Well I don't know how its done in your country... but when someone asks you if you wanna top (or do anything for that matter) 'anything you want' is usually not a happy response... After all the person wants to know what it is YOU want.

And no, if he wants you to top him there is no reason why he must take the initiative.

"Anything you want." This sounds like you are just willing to give up whatever it is you want to appease or please him. Without a definite 'yes/no' to go on he is going to err on the side of caution and assume that you really ain't wanting to top him, but are willing to do it if he insists.

If you want to be top once in a while you need to tell him point blank 'Hey, I want to top you once in a while - half the time, a majority of the time - always... whatever it is you really want.

Quote:I know he was bottom most of the time with his ex so if he want me to top him he should start the move right?

Actually this is the last thing to expect to happen. Most (not all) bottoms are passive people, submissive. This is not just a roll in bed, this is a character/personality thing that often seeps out in every aspect of day to day life.

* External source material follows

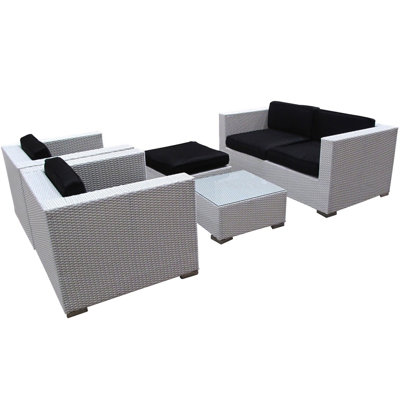 Modway Malibu 5 Piece Deep Seating Groups with Cushions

Since he is topping you there is definitely a sexual attraction, especially if he has done the bottom thing mostly in past relationships - this means he really wants to please you and since you are throwing out 'whatever you want' as a reply, he doesn't know what it is you really want and assumes that what you two got going on (him topping, you bottoming) is what you really want.

I hail from the BDSM scene - BDSM is one of those things that need clear, concise communication of likes and dislikes, limits and what it is one really wants from what sex they have with their partner. There is a lot - a whole hella lot, of discussion in healthy BDSM relationships.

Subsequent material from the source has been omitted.